Monday, November 14, 2011

What is your....

Trigger: When is it easy for you to stick to the plan, what is the hardest part of the day to stick to it? What are easy foods to avoid, which are the most difficult. It is good to write this info down in your journal. Awareness is the first step.

I have become sorely aware of when my triggers are and what triggers me. Countless times throughout the day I am tempted to mindlessly pop something in my mouth. No, i am not hungry, but perhaps tired, or perplexed as to what my priorities are, what i NEED TO GET DONE. This notion of never enough time in the day stressed me out to the max. Thus a peice of chocolate sure does help (FOR A NANO SECOND) and then i am back to square one.
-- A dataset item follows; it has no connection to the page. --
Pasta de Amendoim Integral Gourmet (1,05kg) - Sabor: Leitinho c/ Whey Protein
THe good news is since being on the plan, i have learned to acknowledge the mindless eating and really curtail it. Plus i really am eating healthy! That is great, and i am feeling great. I think my downfall lately is just eating too much.
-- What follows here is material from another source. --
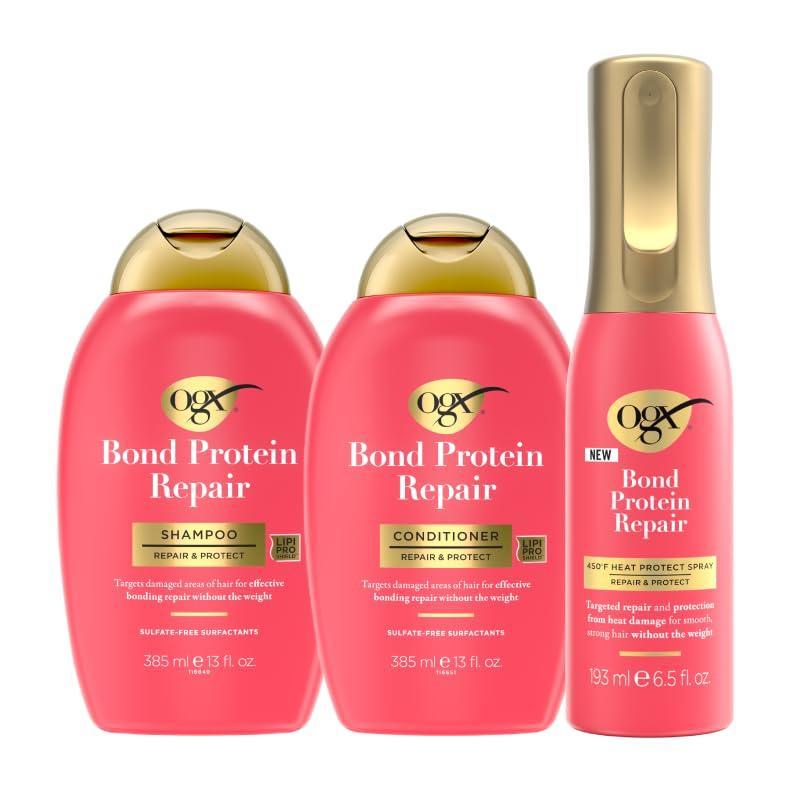 image:imageOGX Bond Protein Repair Bundle Shampoo Conditioner amp 450F Heat Protect Spray Parabenfree Repair for Dry Damaged Hair 3 Pieces 13 fl oz 13 fl oz 5 fl oz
Case in point: Last night i was so proud of myself. My family and I went out, and afterwards to an early supper. The kids of course wanted pizza. So, i was not hungry, and i did not want to give in to pizza! So, i excused myself, and ran to Hannaford to grocery shop. I made up my mind when i got home, i would make a nice whole wheat wrap with tuna, olives (a monounsaturated fat which will be key to our next session's eating plan), celery, spinach, olive oil light hellmans mayo (probably not 100% on the plan, but close, tomato and a glass of red wine. Since i did not have my afternoon snack, thought that was okay. Only one problem: I generally cannot make yummy food ahead and save half...i made two cans of tuna and made the wrap with half of what i made....the continued to eat the rest of the made tuns sans wrap. LOSER!! i would have been fine if i just stopped at thewrap. I estimated with all the stuff in the wrap and the wine, and the extra tuna, to have eaten about 700 calories! THen the kicker: once i overeat, i want more (the wine i know makes me want to eat more) so i had a nutrigrain bar! it was great! but 120 calories more and 11 g of sugar.
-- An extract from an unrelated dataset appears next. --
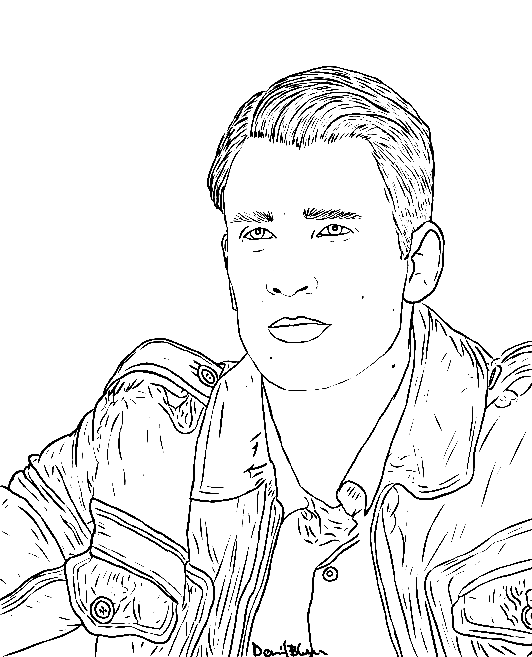 Chris Evans para colorear y Pintar Imágenes Para Dibujar Gratis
so, not so good. But i stopped there. I had no exercise yesterday, but did take an hour long hike, so although it doesn't count for points, it counts for calories burned. I did do a dvd on sat upper body and this am i did my 100 sit ups and will do zumba tonight! I have to alternate the sit ups with pushups, my goal now doing one or the other every day. But i HATE pushups....i am able to do more though since i have been doing them a bit more regularly. I will perservere!!!!